Foreign direct investments (FDI) went down by 85.7 percent to reach $17 million in May 2013.
A statement from the Bangko Sentral ng Pilipinas (BSP) said that higher withdrawals of equity capital and net repayments of debt instruments dragged down FDIs in May compared to the level recorded in the same month last year.
The central bank said that equity capital resulted in net outflows of $14 million compared to net inflows of $58 million in 2012, as equity withdrawals of $90 million offset gross equity capital placements of $76 million.
Gross equity capital placements mostly came from the United States, Japan, Italy and Germany.
The BSP added that the FDIs were channeled mainly to real estate activities, manufacturing, agriculture, fishery and fishing, wholesale and retail trade, and construction. Nonresidents’ placements in debt instruments issued by local affiliates registered a net outflow of $36 million.
Reinvestment of earnings amounted to $67 million, lower by 30.3 percent than the year-ago level of $98 million.
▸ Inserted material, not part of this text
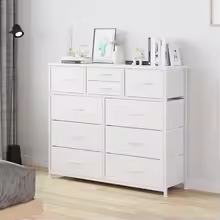 Easy Pull Handle (White) Dressing Table Closets Dresser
On the other hand, the central bank said that net foreign direct investment (FDI) inflows in January to May 2013 amounted to $1.5 billion. Gross equity capital placements, which represent the bulk of FDI inflows, rose by 61.1 percent in the first five months of 2013 to reach $1.8 billion compared to the $1.1 billion in the same period in 2012.
“This reflected favorable investor interest on the back of the country’s sound macroeconomic fundamentals,” it stated.
The bulk of these equity capital investments came mainly from Mexico, Japan, the United States, Malaysia and the British Virgin Islands. These FDIs were directed to manufacturing activities; water supply, sewerage, waste management and remediation; real estate activities; arts, entertainment and recreation activities; and financial and insurance activities.
Notwithstanding the increase in gross equity capital infusion, net FDI inflows during the period was lower by 8.7 percent relative to its year-ago level of $1.7 billion, the BSP noted.
“This developed as gross equity capital placements were offset by withdrawals of $947 million [higher than the $105 million recorded in the same period last year], resulting in net equity capital inflows of $846 million, a decline of 16.1 percent from the level posted a year ago,” it stated.